Il mio lavoro consiste nel progettare le informazioni legali utilizzando le giuste tecniche di design, con l’obiettivo di rendere i documenti più chiari, più diretti, più facili da usare e soprattutto più efficaci.
Ogni progetto di legal design si snoda in vari passaggi, ma, per sintetizzare, è necessario calarsi nell’esperienza dei destinatari del documento, iniziando ad individuare il contesto di utilizzo, le finalità per cui è stato predisposto e soprattutto la prospettiva dell’utente: quali sono le difficoltà di comprensione ed utilizzo delle informazioni? Per che cosa le vuole e deve usare?
Molte volte la complessità dei documenti è causata, o aumentata, da fattori “estrinseci”. Questa complessità inutile deve e può essere eliminata ad esempio semplificando il linguaggio, strutturando un’adeguata architettura dell’informazione o fornendo all’utente indicazioni e spiegazioni visive che aiutino a navigare nel documento.

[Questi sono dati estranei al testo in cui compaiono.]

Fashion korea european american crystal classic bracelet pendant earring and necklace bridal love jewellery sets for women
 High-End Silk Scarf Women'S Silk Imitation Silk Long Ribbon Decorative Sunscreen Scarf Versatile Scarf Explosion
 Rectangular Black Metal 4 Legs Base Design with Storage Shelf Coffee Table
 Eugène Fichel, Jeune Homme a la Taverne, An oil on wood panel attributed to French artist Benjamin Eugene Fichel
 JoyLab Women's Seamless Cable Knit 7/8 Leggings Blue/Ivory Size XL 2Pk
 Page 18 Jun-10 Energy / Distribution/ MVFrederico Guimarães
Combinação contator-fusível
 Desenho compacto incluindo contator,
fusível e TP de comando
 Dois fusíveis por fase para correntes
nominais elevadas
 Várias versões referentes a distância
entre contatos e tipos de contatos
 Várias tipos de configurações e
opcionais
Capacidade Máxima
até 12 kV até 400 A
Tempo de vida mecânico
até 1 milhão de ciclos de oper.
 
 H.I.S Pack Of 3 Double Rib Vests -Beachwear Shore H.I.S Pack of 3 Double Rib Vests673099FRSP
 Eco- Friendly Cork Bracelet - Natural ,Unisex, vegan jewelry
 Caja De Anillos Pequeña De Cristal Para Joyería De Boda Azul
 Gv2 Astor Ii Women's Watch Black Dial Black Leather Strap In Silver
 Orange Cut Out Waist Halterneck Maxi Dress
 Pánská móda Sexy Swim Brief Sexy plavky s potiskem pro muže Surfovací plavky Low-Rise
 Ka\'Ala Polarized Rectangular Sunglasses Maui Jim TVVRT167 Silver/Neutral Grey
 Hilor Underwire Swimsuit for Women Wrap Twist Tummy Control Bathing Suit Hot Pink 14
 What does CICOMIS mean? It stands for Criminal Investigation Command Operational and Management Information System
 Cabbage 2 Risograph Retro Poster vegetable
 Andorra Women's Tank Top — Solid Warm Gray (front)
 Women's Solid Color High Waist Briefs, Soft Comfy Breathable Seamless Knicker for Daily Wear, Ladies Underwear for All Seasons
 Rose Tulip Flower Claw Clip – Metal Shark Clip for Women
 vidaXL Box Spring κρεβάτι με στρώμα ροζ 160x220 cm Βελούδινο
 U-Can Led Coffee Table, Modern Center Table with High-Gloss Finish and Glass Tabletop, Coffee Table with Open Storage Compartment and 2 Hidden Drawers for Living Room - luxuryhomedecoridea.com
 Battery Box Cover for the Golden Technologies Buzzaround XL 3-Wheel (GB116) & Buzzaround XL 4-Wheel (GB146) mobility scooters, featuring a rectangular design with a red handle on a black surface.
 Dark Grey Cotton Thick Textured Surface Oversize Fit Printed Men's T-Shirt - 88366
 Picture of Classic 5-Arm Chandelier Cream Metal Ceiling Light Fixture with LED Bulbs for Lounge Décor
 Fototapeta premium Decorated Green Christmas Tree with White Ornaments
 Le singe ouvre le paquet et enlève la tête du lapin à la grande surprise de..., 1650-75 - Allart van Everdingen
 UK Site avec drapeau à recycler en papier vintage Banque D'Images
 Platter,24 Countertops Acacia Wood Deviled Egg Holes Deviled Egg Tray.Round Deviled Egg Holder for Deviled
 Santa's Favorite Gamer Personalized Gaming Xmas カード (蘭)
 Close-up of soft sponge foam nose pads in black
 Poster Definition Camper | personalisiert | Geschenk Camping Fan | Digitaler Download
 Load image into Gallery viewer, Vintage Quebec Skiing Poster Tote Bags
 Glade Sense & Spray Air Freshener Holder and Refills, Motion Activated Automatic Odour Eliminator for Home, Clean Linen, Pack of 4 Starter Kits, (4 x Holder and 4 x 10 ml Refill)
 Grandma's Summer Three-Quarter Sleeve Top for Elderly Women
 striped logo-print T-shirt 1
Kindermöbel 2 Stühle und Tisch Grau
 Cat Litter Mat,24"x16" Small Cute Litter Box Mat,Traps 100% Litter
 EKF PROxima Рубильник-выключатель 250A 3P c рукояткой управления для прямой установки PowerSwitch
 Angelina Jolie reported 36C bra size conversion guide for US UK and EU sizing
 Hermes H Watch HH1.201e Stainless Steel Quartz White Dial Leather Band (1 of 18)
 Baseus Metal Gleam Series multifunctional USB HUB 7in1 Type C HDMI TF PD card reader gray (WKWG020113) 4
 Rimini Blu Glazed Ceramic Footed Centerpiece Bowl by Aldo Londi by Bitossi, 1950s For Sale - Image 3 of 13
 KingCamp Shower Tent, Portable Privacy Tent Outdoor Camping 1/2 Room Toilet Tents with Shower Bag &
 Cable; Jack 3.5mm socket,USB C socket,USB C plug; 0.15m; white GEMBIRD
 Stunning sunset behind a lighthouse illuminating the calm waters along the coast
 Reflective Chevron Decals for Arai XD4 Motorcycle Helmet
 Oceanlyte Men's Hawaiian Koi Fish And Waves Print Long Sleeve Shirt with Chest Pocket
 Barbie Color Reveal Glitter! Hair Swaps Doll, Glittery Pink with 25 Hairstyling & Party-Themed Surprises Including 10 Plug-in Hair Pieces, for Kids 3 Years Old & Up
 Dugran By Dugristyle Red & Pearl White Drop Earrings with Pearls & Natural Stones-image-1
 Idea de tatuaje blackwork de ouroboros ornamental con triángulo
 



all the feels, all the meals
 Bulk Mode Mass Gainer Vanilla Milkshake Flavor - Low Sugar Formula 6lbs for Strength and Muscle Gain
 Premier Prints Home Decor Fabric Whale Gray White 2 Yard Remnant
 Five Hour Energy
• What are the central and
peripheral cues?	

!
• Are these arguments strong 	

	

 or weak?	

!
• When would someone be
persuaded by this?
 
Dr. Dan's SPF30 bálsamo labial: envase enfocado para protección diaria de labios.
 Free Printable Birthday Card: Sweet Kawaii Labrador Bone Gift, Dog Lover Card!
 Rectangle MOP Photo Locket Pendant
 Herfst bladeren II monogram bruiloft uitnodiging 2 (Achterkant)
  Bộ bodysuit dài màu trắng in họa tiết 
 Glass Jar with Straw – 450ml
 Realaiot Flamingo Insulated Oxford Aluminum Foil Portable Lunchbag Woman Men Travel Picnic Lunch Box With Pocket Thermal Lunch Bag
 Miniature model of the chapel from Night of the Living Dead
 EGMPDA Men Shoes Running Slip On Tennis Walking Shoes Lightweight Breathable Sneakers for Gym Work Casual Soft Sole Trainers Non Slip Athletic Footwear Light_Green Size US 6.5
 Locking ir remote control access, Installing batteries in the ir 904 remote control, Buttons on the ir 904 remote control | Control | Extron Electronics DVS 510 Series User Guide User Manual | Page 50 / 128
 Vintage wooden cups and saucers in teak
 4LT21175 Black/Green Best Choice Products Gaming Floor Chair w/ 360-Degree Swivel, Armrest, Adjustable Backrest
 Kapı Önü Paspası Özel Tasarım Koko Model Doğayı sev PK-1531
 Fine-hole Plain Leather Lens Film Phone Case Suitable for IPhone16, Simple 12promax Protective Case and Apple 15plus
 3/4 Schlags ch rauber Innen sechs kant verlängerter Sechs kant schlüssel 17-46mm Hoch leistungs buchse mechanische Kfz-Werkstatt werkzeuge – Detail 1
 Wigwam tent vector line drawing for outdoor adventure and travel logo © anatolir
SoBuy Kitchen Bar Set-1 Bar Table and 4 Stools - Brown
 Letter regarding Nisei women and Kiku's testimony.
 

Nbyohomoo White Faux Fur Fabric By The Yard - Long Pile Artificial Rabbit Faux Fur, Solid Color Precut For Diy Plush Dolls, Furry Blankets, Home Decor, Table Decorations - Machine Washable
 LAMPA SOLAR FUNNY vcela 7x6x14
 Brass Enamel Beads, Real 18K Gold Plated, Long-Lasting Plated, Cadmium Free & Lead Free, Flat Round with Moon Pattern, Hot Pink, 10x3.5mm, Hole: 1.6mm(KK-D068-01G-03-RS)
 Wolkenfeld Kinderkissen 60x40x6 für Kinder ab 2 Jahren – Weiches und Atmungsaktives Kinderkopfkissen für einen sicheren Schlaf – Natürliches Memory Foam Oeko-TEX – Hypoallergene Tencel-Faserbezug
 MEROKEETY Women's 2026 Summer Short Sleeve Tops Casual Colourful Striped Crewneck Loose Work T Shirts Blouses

● Quali vantaggi offre il legal design?
Il legal design consente essenzialmente di ridurre al minimo rischio di incomprensioni e l’insorgere di contestazioni e di supportare efficacemente i comportamenti “virtuosi” che ci si aspetta dalle parti.
Da un punto di vista pratico, nei contesti B2B che già fanno uso del metodo, si registra un dimezzamento dei tempi di negoziazione dei contratti e maggiore efficienza dei processi, con tutti i vantaggi organizzativi ed economici che ne conseguono.
Ma non solo. Il legal design ha un impatto positivo anche sulla reputazione aziendale, perché essere chiari e trasparenti con fornitori e clienti è un indubbio valore aggiunto. Spesso faccio l’esempio di aziende che hanno lavorato a migliorare la comunicazione delle proprie policy, come la privacy policy della piattaforma di contract management Juro.com, oppure l’agenzia di digital marketing August.
Le applicazioni più creative fanno addirittura uso di contratti in forma completamente visuale, simile a fumetti, specie in contesti in cui ci si rivolge a destinatari vulnerabili ed emarginati. In questi casi, non è solo necessario fornire contenuti e servizi in forma estremamente semplice ed accessibile, ma è doveroso affrontare la questione della giustizia sociale. Ad esempio, in Sud Africa sono stati proposti progetti di questo tipo, con contratti a fumetto destinati a lavoratori semi-analfabeti. Negli Stati Uniti ci sono vari progetti nel cosiddetto ambito dell’ access to justice, dove si mira a creare procedure e servizi legali economicamente sostenibili ed accessibili a tutti.
● Lei ricopre un importante ruolo nell’associazione internazionale World Commerce & Contracting. Ce ne può parlare?
Nel mio ruolo di “Contract Designer in Residence” mi occupo di vari progetti mirati a sensibilizzare, informare ed educare i nostri associati in materia di legal design. Ad esempio, le mie attività spaziano da webinar e workshop aperti a tutti i membri, a veri e propri progetti di contract design e consulenza per i nostri corporate members. Ho contribuito a creare la Contract Design Pattern Library, una collezione di tecniche ed esempi di best practice nel contract design da cui trarre ispirazione. Inoltre quest’anno abbiamo lanciato il Better Contract Design Mark, un marchio di qualità che premia e celebra contratti particolarmente user-friendly.
● Quali prospettive vede per il futuro? Dal suo punto di vista, le aziende italiane sono pronte per avviare progetti di legal design?
Il bisogno e il desiderio sicuramente ci sono, ma c’è necessità di far comprendere e normalizzare queste pratiche, creare una mentalità in azienda che ne promuova l’implementazione. Ci vuole consapevolezza dei metodi di progettazione human-centered e su come coinvolgere professionisti del design, della comunicazione e dell’innovazione nei campi legal & compliance.